The most outstanding figure in the history of the High School is Mr. James Tremeer, who now lives at Medicine Hat, Alberta. Mr. Tremeer began his work in Smithville in February, 1890, and remained until the summer of 1895. Upon an invitation of the High School Board he returned in the summer of 1899, remaining until 1906. It was during this period that the writer came under the influence of Mr. Tremeer s personality, and instruction. I shall here recall a few scenes of those happy days. Looking back over school days there are certain events that seem stamped upon our memories, while others are but a misty shade of memory. I first began to feel an interest in Mr. Tremeer when I received a postcard through the mail, referring to the H. S. Entrance examinations on which I read with trembling hand and a thumping heart the word ‘Passed.’ This card was signed by Mr. Tremeer. The next recollection I have of him was his kind, encouraging smile when I met him on the street and he said that he was pleased at my success. His kind wife was as pleased as he and ‘said so.’ I wonder if we realize how much we help and encourage the youth in our midst by saying something encouraging. After entering Mr. Tremeer’s school I was to learn something more of his smile, which, though frequent, was hidden behind two fingers, lest the students might think that he was given to levity within the halls of learning. Mr. Tremeer was an excellent teacher, conscientious, untiring, faithful, and was loved by the students whose welfare he had so much at heart.

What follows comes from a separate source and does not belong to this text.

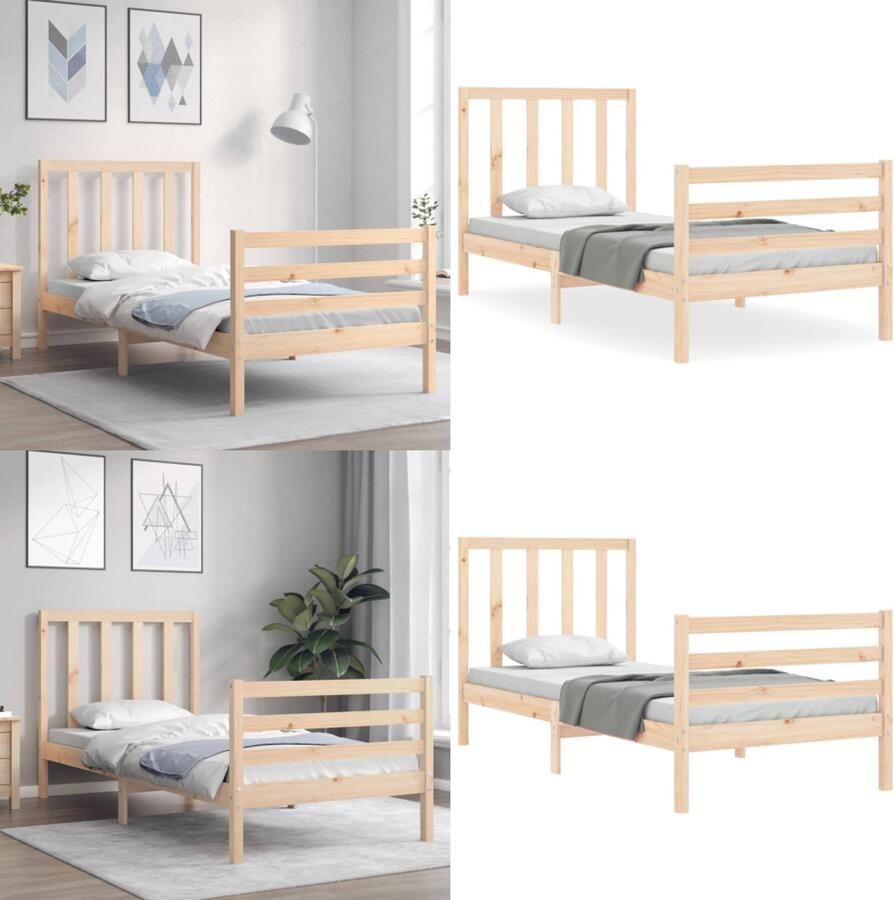 VidaXL Bedframe zonder matras massief grenenhout 100x200 cm Bedframe Bedframes Bed Eenpersoonsbed - Foto 6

In 1906 he moved to Leamington, and in 1908 again upon invitation he returned to the Smithville school, retiring from the profession in 1913. In the classes sent up by Mr. Tremeer for Departmental examinations the great majority passed, often whole classes, with but single exceptions, were successful. Many of these graduates are now occupying prominent positions, some Professors in Toronto University, Principals of High Schools and Collegiate Institutes, others as noted physicians, and many others are bringing honor to their Alma Mater, Smithville High School.
Some of the assistant teachers during Mr. Tremeer’s Principalship were Miss Alice Maude Wicket (Mrs. Ellis Murgatroyd), Misses Nelson, White, McArthur, Lick, Bridgman, Hill, Lindsay, McKay, Teeter (Mrs. L. Bell) and Mr. Fathener, Mr. Roper and Mr. Williams.
Mr. Tom Elliott was for a number of years a successful Principal of the school. As he is a native of Smithville, and educated at the Smithville schools, we are proud of his marked success as a Principal.
The rounds of the school were greatly improved and beautified by the individual efforts of Mr. Charles Fritshaw, a former Trustee, whose heart was in the school and his interest in its achievements. Mr. D. W. Eastman, now of Barrie, was for many years a Trustee of the school and many other public-spirited men have occupied positions on its Board, who have had- the welfare of the institution and the youth of the community at heart. Smithville may be proud of her history along educational lines and it is hoped that she may send forth in the next century as many clever and capable men and women, as she has in the past.